Съезд начался с минуты молчания. За несколько недель до его открытия, в ночь на 9 апреля, в Тбилиси пролилась кровь: против мирных демонстрантов, собравшихся на площади с требованием выхода Грузии из состава СССР, были выставлены войска и бронетехника. Военные применили паралитический газ неизвестного происхождения и саперными лопатками проламывали людям черепа. Погибло 20 человек, среди них 16 женщин, из которых одной было 70, а двум по 16 лет.
Горбачев находился тогда в Лондоне и, по официальной версии, узнал об этом событии лишь по возвращении в Москву, вечером 9 апреля. Все пытались откреститься от тбилисской бойни. Так и осталось неясно, кто же именно отдавал приказ. Зато стало ясно другое: руководство страны было не готово к тому, чтобы взять на себя ответственность за подавление протеста и пролитую кровь. Егор Яковлев и еще несколько депутатов Верховного Совета отправились в Тбилиси для проведения независимого расследования и быстро пришли к заключению о неоправданном применении силы. На открытии съезда в присутствии партийных и советских деятелей депутат из Литвы предложил всем встать и почтить память погибших в Тбилиси, фактически давая понять, что руководство страны и партии совершило преступление.

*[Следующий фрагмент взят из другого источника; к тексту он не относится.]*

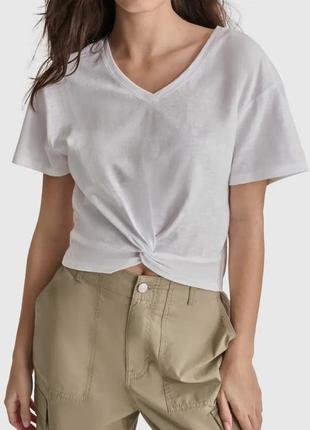 Жіноча футболка dkny з декоративним вузлом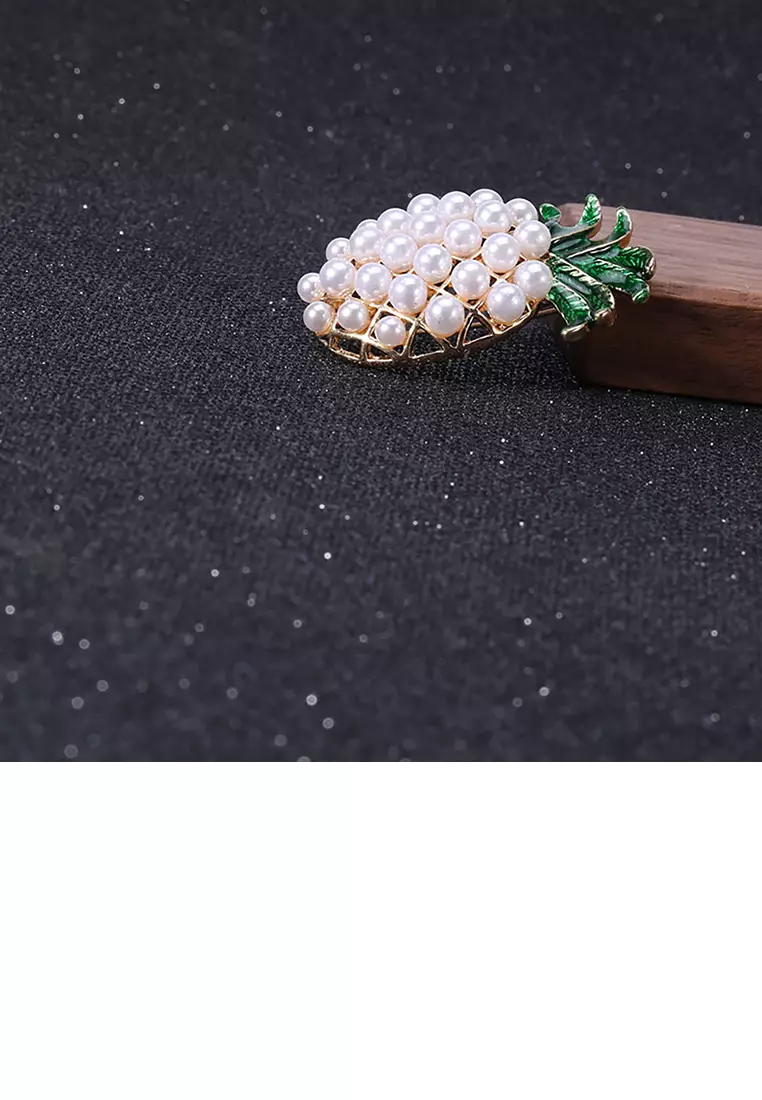 Buy Glamorousky Fashion and Simple Plated Gold Pineapple Brooch with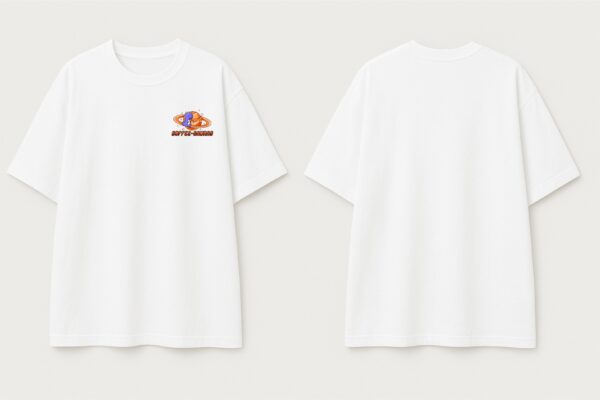 Women Oversized Graphic T-Shirt | Coffee & Space Cartoon Print | Loopknit 240 GSM Cotton | Relaxed Fit Casual Streetwear Tee
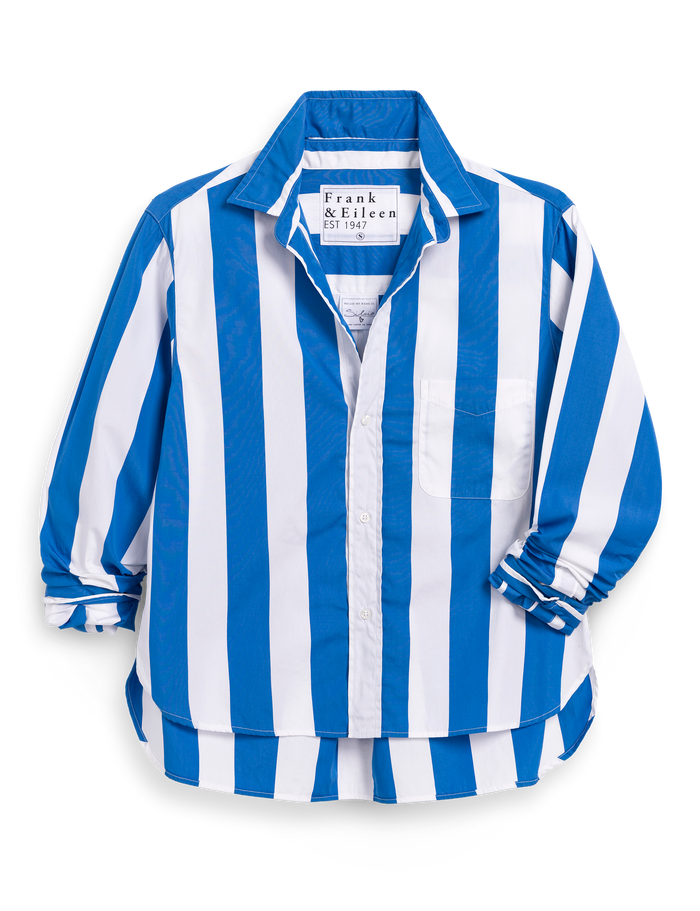 Blue and white striped shirt with 'Frank & Eileen' label on a white background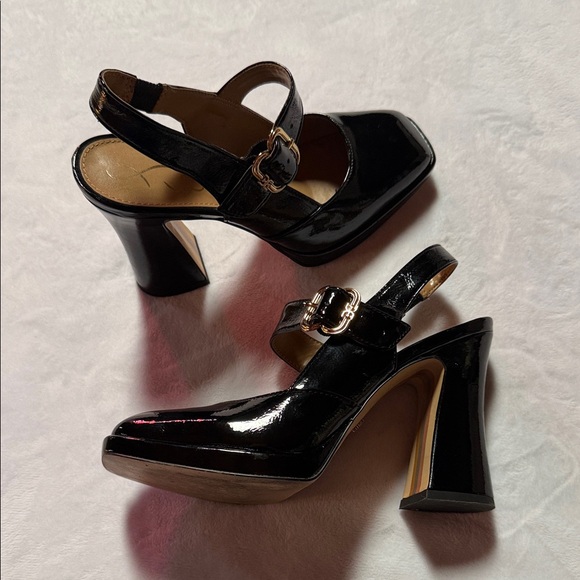 Sam Edelman Black Patent Slingback Heels - Picture 3 of 7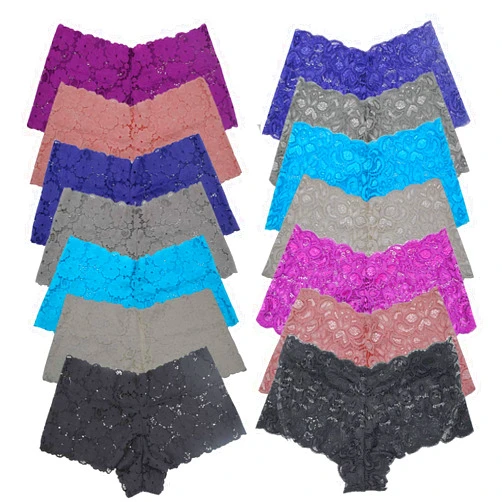Delcroix 7 Pack Lace Boyshort Panties for Women Sexy Breathable Soft Stretch Hipster Panty, Assorted Different Lace Pattern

И это было только начало. Независимые депутаты из рядов либеральной интеллигенции настояли на том, чтобы заседания Съезда транслировались по центральным каналам телевидения в прямом эфире – в духе гласности. В прошлом все важные партийные решения всегда принимались за закрытыми дверями. Количество информации, которую общество получало об официальных событиях, обычно было обратно пропорционально их значимости. Съезды КПСС, которые, по сути, не решали вообще ничего, передавались почти целиком, зато собрания ЦК и заседания Политбюро, где вершились судьбы миллионов, никогда не бывали публичными. Этот съезд народных депутатов стал первым действительно важным политическим событием, которое полностью показали по телевизору, не ограничившись короткими репортажами.
Как объясняет Великий Инквизитор в “Братьях Карамазовых”, “есть три силы, единственные три силы на земле, могущие навеки победить и пленить совесть этих слабосильных бунтовщиков, для их счастия, – эти силы: чудо, тайна и авторитет”[124]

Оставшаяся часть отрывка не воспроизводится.